2017-04-13 Thread ASF subversion and git services (JIRA)

[ 
https://issues.apache.org/jira/browse/COUCHDB-3324?page=com.atlassian.jira.plugin.system.issuetabpanels:comment-tabpanel&focusedCommentId=15968014#comment-15968014
 ] 

ASF subversion and git services commented on COUCHDB-3324:
--

Commit ec36f9f046f13f67f999c1497e75ddb367b45d41 in couchdb's branch 
refs/heads/63012-scheduler from [~vatamane]
[ https://git-wip-us.apache.org/repos/asf?p=couchdb.git;h=ec36f9f ]

Implement fabric-based _scheduler/docs endpoint

Previously _scheduler/docs implementation was not optimal. All documents
were fetched via rpc:multicall from each of the nodes.

Switch implementation to mimic _all_docs behavior. The algorithm is roughly
as follows:

 * chttpd endpoint:
   - parses query args like it does for any view query
   - parses states to filter by, states are kept in the `extra` query arg

 * Call is made to couch_replicator_fabric. This is equivalent to
   fabric:all_docs. Here the typical fabric / rexi setup is happening.

 * Fabric worker is in `couch_replicator_fabric_rpc:docs/3`. This worker is
   similar to fabric_rpc's all_docs handler. However it is a bit more intricate
   to handle both replication document in terminal state as well as those which
   are active.

   - Before emitting it queries the state of the document to see if it is in a
 terminal state. If it is, it filters it and decides if it should be
 emitted or not.

   - If the document state cannot be found from the document. It tries to
 fetch active state from local node's doc processor via key based lookup.
 If it finds, it can also filter it based on state and emit it or skip.

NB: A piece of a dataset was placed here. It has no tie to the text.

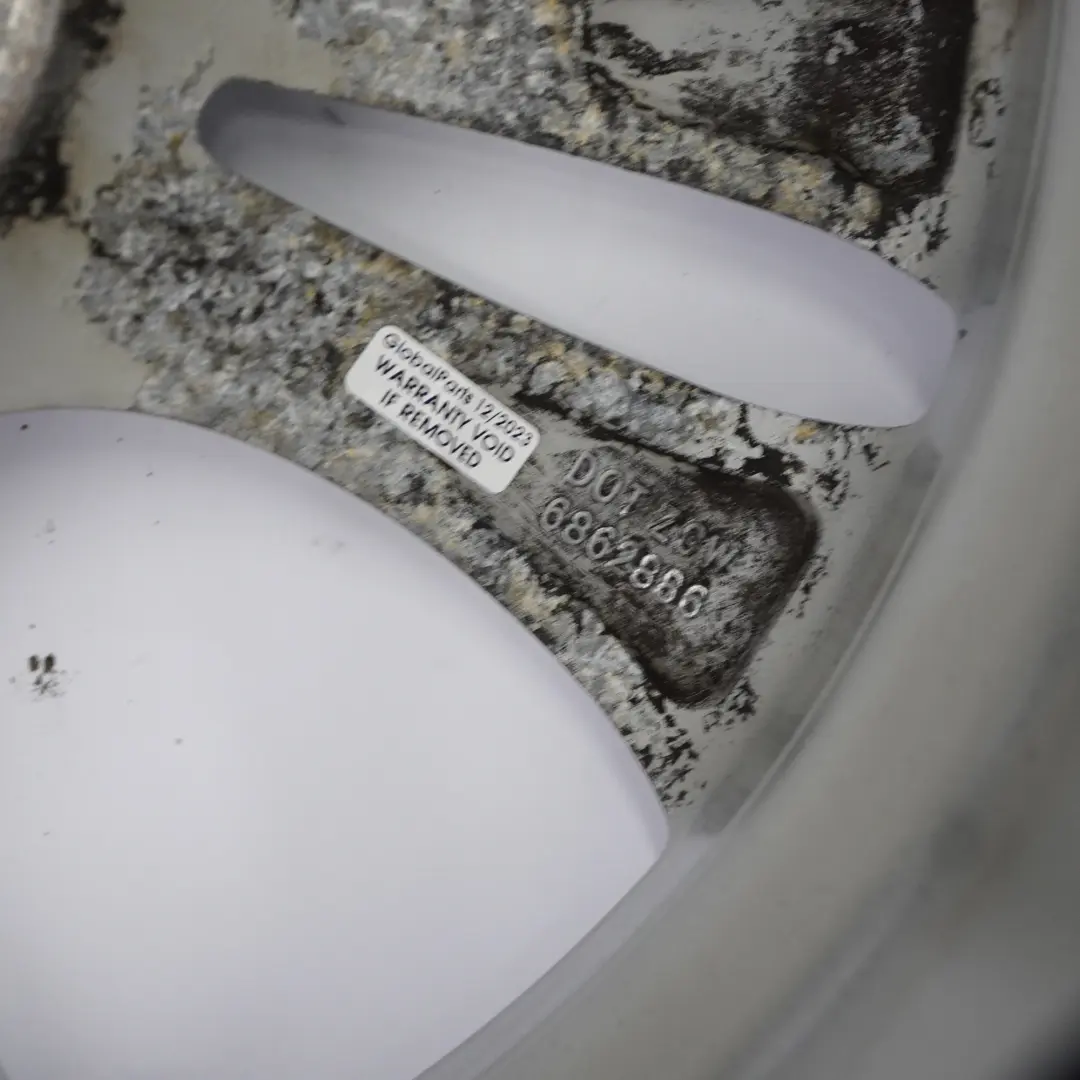 Jantes en alliage Reflex Argent 18" Double rayon 605 8J ET:43 pour BMW X3 F25 à propos du numéro de pièce 6862886 BMW X3 F25 Jantes en alliage Reflex Argent 18" Double rayon 605 8J ET:43 - SKU 6862886-2 - Numéro de pièce 6862886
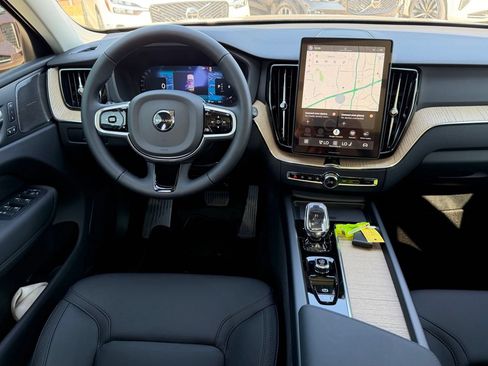 New 2027 Volvo XC60 B5 Plus AWD/4WD image 9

   - If the document cannot be found in the node's local doc processor ETS
 table, the row is emitted with a doc value of `undecided`. This will
 let the coordinator fetch the state by possibly querying other nodes's
 doc processors.

  * Coordinator then starts handling messages. This also mostly mimics all_docs.
At this point the most interesting thing is handling `undecided` docs. If
one is found, then `replicator:active_doc/2` is queried. There, all nodes
where document shards live are queries. This is better than a previous
implementation where all nodes were queries all the time.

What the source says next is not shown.